After asking around it is looking like the rig could have been damaged by a stray electrical current.  The rigging wire was three months old so it is a baffle to everyone in the industry as to why this has happened at all but given the way the wire has broken this is the leading suggestion for the cause of the dismasting.  It is a real shame. From now on I will always be checking my mast for any stray current after any works get completed. As the mast is at the bottom of the ocean we will never know for sure, but I won’t let this stop me.

I have now had the chance to assess the weather that I would expect over the next month or two and have worked out that I have 4 weeks in which to repair the boat and get a new mast. This will allow me enough time to then sail back to my position of dis-masting and finish my record. There has been one little (BIG) hiccup though.

Unfortunately, when I was filling out the insurance paper work in Sydney before my departure there was a very costly typo…  Instead of having the mast insured for $120,000 the mast, rigging and sails were in fact insured for $20,000.  Not the best news.  I was really shocked that this had happened as several of us read through it and that no one picked up on it. What is done is done.

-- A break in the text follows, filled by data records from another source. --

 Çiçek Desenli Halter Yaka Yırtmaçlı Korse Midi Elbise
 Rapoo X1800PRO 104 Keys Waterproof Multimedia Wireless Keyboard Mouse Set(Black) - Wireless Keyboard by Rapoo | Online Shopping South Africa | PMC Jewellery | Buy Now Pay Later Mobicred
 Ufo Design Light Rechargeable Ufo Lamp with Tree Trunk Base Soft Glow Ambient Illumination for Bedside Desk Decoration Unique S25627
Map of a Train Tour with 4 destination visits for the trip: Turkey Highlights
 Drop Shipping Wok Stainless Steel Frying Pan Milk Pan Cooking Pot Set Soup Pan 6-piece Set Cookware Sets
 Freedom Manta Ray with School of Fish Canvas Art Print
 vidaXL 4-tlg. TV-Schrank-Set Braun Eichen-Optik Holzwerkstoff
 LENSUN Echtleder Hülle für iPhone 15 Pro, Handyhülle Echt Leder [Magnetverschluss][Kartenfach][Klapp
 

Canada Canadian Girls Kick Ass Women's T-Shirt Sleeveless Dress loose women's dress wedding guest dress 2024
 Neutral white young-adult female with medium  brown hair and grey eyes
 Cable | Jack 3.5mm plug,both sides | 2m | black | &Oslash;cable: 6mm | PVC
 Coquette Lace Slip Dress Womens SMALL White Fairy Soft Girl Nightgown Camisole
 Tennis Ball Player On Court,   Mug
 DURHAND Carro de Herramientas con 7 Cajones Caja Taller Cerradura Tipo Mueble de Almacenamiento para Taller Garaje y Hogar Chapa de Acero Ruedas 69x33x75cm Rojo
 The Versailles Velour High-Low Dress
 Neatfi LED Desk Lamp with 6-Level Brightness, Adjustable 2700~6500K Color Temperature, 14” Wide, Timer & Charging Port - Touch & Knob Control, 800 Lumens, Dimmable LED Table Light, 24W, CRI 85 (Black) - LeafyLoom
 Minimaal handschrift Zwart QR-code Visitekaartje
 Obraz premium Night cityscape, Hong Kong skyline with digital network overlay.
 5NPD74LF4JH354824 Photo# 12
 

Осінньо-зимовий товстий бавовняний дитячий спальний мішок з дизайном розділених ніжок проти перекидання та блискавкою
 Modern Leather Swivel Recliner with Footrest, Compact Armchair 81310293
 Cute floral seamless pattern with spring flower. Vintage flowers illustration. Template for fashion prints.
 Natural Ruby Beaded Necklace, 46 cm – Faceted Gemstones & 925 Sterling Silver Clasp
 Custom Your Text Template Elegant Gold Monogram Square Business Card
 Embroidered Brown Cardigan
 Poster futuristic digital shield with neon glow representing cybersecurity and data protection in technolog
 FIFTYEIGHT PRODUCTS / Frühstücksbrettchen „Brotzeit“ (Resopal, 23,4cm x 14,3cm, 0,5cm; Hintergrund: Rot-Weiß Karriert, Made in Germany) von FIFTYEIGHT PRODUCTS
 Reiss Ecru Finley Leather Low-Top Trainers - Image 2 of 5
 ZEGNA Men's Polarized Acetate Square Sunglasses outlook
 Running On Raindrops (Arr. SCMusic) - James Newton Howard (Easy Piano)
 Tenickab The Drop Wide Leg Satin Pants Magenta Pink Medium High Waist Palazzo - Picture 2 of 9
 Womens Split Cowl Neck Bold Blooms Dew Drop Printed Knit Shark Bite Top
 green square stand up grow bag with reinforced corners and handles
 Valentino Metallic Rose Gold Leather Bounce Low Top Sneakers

Edward Williams Marine Insurance and the underwriters Northern Reef Insurance have been absolutely fantastic in helping me, but the fact remained that the form said $20,000…  Edward Williams Insurance came back to me with a generous offer.  They were going to repair all the hull damage and issue $20,000 immediately towards the mast, rigging and sails.  They were going to waver the $13,000 excess and take the remaining $1,000 owing on the policy out of the $20,000 so that we didn’t need to find more money. 

This was a very generous deal, however it didn’t get me back on the water with a new mast, so I went back and pitched for a sponsorship, so I asked if they would meet me half way and issued $60,000 towards the mast, rigging and sails.  This was my last-ditch effort, so I was very surprised when they agreed and both Edward Williams Insurance and Northern Reef Insurance put in a further $20,000 each, bringing my total budget to $60,000 for the rig, on top of the approval for the actual boat repairs. This is half the amount that I would need to replace all that was lost with the rig, but I was a step closer to getting back on the water. I am very grateful for their understanding and commitment.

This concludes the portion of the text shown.